M. H. Mohd and J. Park, ``The interplay of rock-paper-scissors competition and environments mediates species coexistence and intriguing dynamics," Chaos, Solitons and Fractals 153, 111579 (2021).

(2022) Correlation between the number of competing groups and spatial scale for biodiversity

Classic studies in cyclic competition systems always consider that the number of different species (or groups) is initially fixed. On the other hand, according to mutation, the system can have additional species than the initial setting, and hence, the dynamics of systems can be changed. In particular, such features can be observed obviously on spatially extended systems.
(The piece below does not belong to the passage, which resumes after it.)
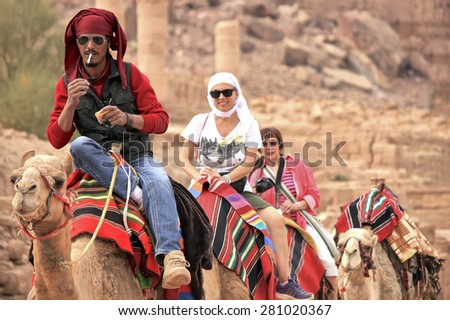 PETRA, JORDAN - NOV 29, 2013: tourists riding camels in Petra.
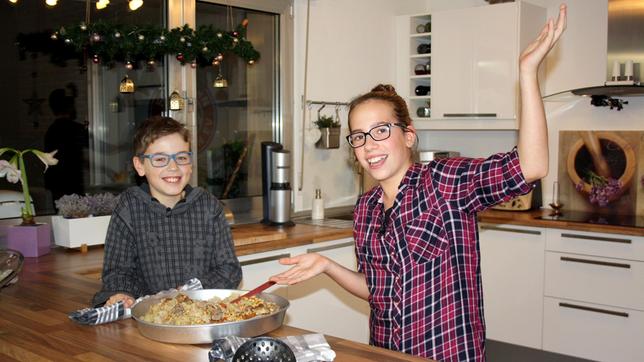 Bild: SWR/Nordisch Filmproduktion/Jennifer Beisker Maya (rechts) und Lukas (links) sind beste Freunde. Am liebsten fahren sie mit dem Kettcar um die Wette oder drehen eigene Actionfilme. Actionreich wird es mit den beiden auch in der Küche! Denn die zwei Köche müssen es mit einem störrischen Blumenkohl und glitschigen Hähnchenkeulen aufnehmen. Und dann fallen ihnen auch noch die frisch geschälten Kartoffeln auf den Boden. Mayas libanesisches Gericht Maloubi sorgt also für mächtig Trubel. Ob es den Gästen am Ende trotzdem schmecken wird?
We established the correlation between the number of competing groups and spatial scale for biodiversity in the RPS system with mutation.

J. Park, ``Correlation between the formation of new competing group and spatial scale for biodiversity in the evolutionary dynamics of cyclic competition," Chaos 32, 081101 (2022).
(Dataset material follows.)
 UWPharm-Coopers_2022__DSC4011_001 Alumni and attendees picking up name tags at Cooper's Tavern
(2023) Various collective behavior of species coexistence under adaptive intraspecific competition

Species coexistence usually appear as spiral entanglement on spatially extended systems in classic systems of cyclic competition. When intraspecific competition occurs, however, strong competition can make species self-survival, and spirally entangled patterns can be broken. As such intraspecific competition occurs adaptively further, coexistence still can occur even if mobility is high, and they form plane waves that describe species as united in the same group, and such features can be accompanied by the nonmonotonic behavior in the extinction probability.

J. Park and B. Jang, ``Role of adaptive intraspecific competition on collective behavior in the rock-paper-scissors game," Chaos, Solitons and Fractals 171, 113448 (2023).
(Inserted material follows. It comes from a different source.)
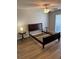 Bedroom featuring a ceiling fan, natural light, and hardwood floors at 120 Knollpoint Dr, Sun City Center, FL 33573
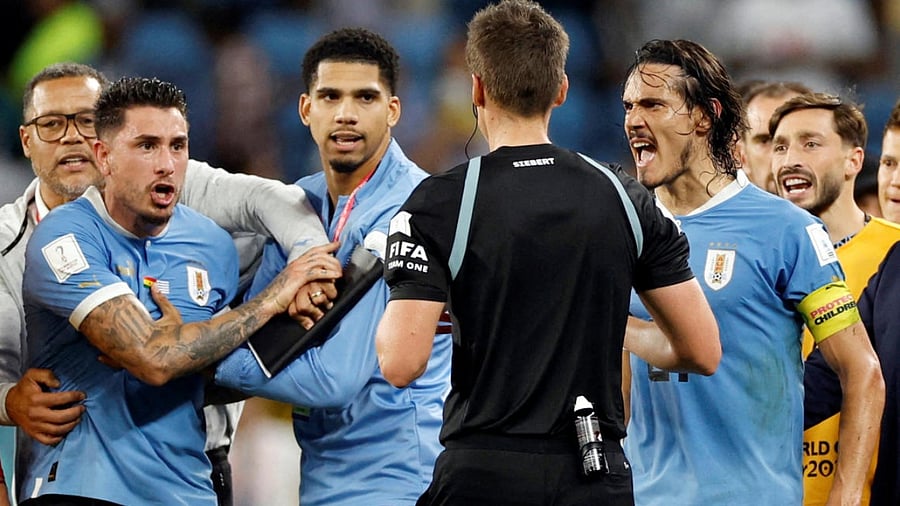 Uruguay's Jose Maria Gimenez and Edinson Cavani remonstrate with referee Daniel Siebert after the match with Ghana. Credit: Reuters Photo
(2023) Common dynamics in biodiversity of cyclic competition systems among multispecies

Classic systems of cyclic competitions governed by RPS or RPSLS games exhibit cascading dynamics that biodiversity changes with a certain decreasing relation via mobility. This research identifies that cascading behavior still occurs even when we consider multispecies groups are given. In addition, even if the number of multigroups is the same, changing pathways of interspecific competition (selection or predation) can also affect biodiversity, and hence, cascading behavior cannot be predicted. By implementing subgroup structures, the reason for maintaining or breaking cascading dynamics is uncovered, and the result may provide a piece of evidence to predict biodiversity in complex species systems.

R. K. Yang and J. Park, ``Evolutionary dynamics in the cyclic competition system of seven species: Common cascading dynamics in biodiversity," Chaos, Solitons and Fractals 175, 113949 (2023).